(What is needed): Return all the data exactly, keeping the pictures out.

(Dataset section):
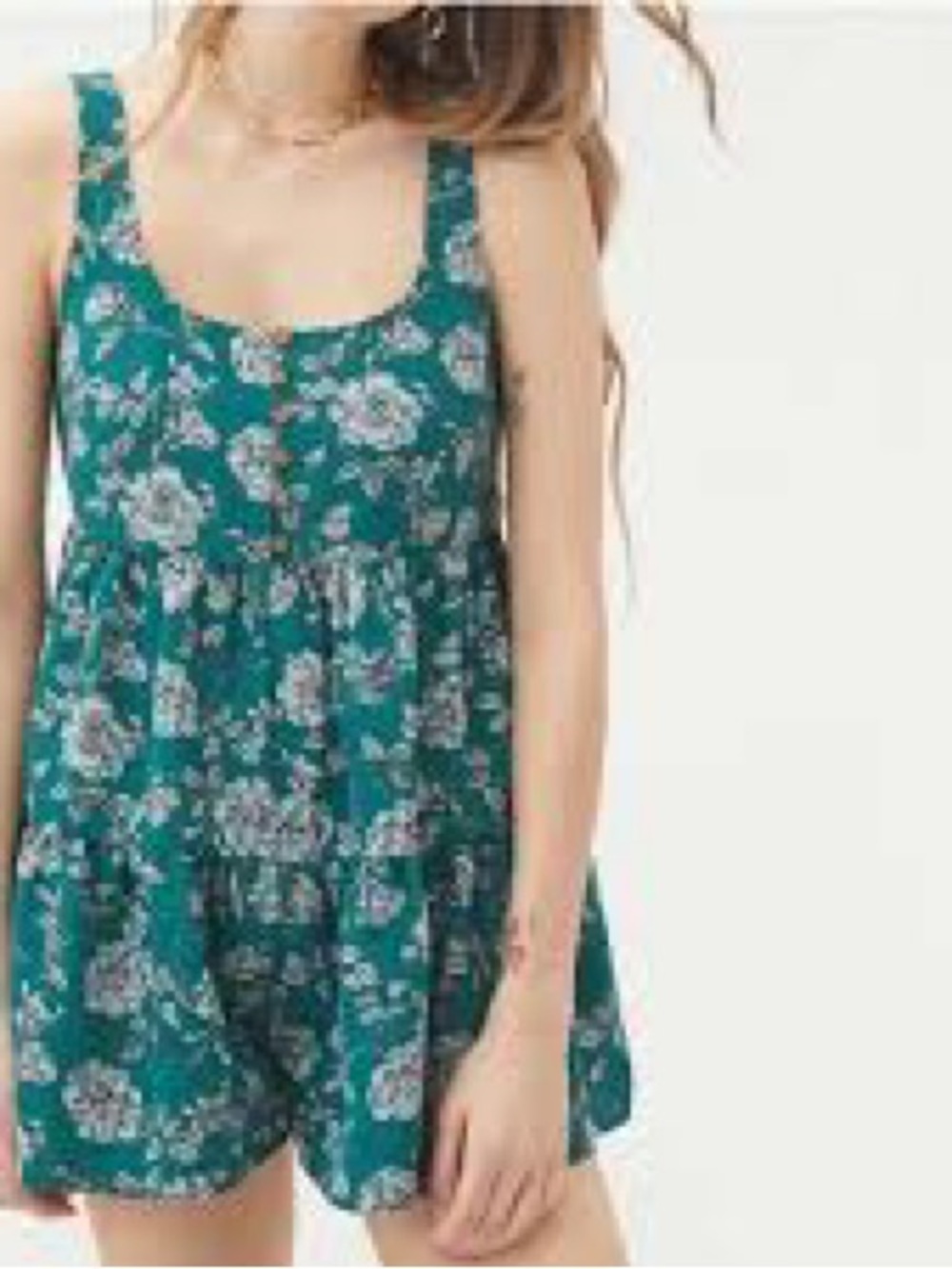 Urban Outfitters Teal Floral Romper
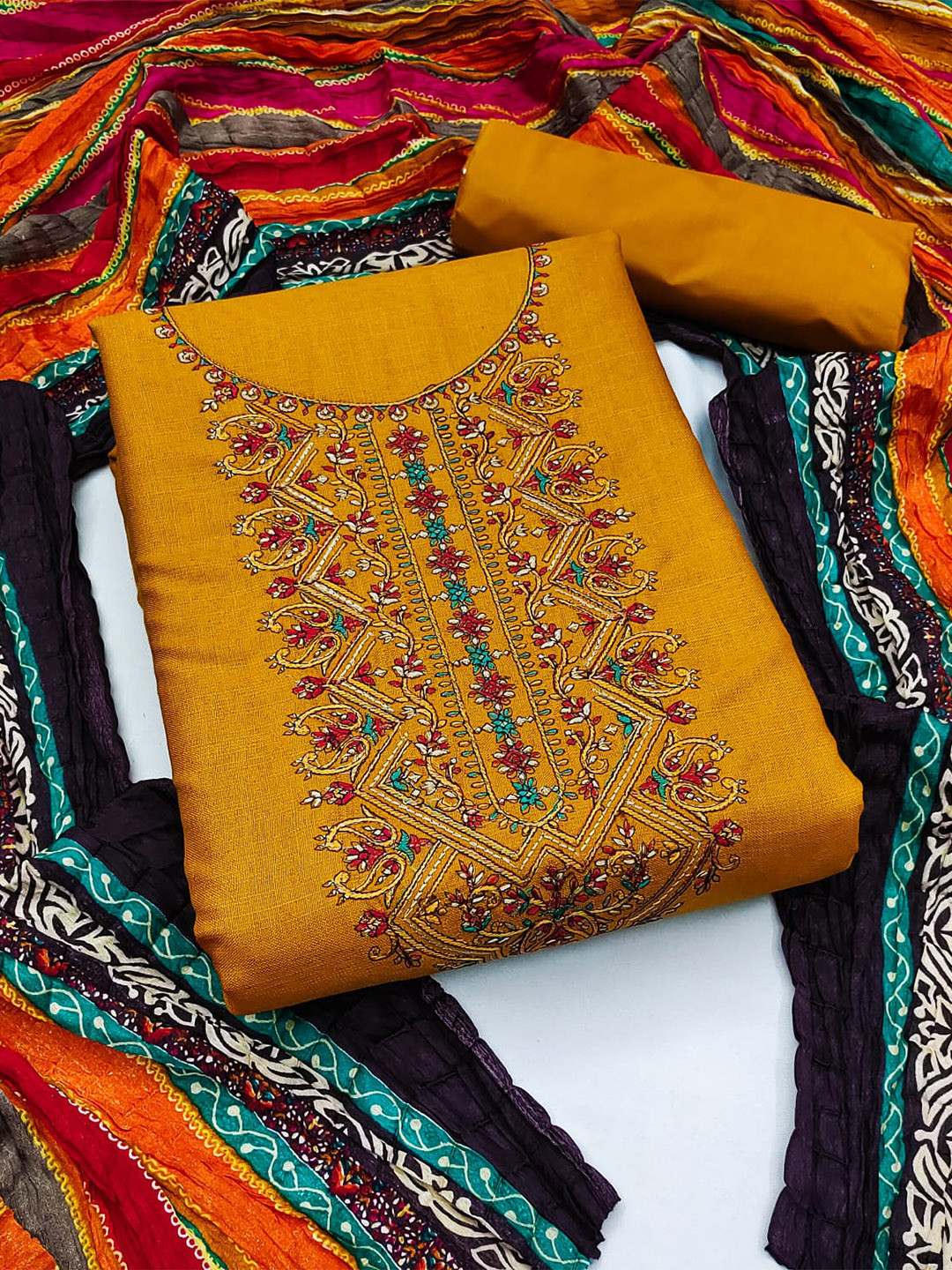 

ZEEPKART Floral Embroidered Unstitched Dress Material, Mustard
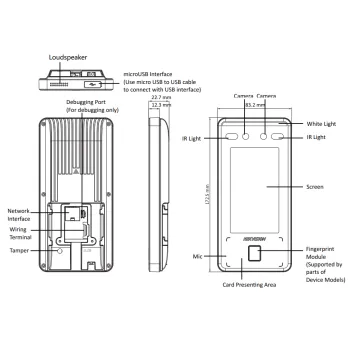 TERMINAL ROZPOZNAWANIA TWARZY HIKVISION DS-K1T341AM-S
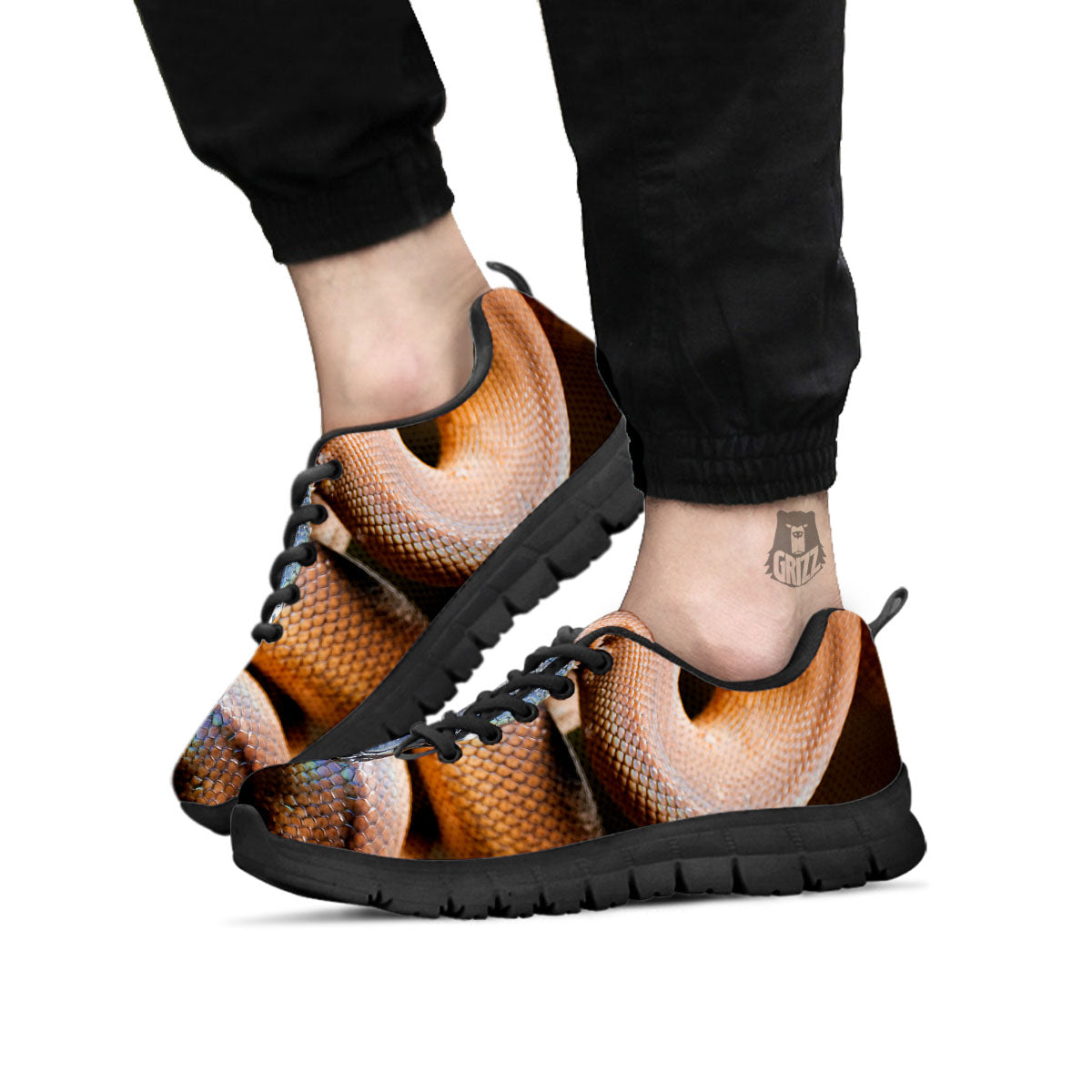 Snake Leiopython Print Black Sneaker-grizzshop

(Solution for this task):
 Urban Outfitters Teal Floral Romper

ZEEPKART Floral Embroidered Unstitched Dress Material, Mustard
 TERMINAL ROZPOZNAWANIA TWARZY HIKVISION DS-K1T341AM-S
 Snake Leiopython Print Black Sneaker-grizzshop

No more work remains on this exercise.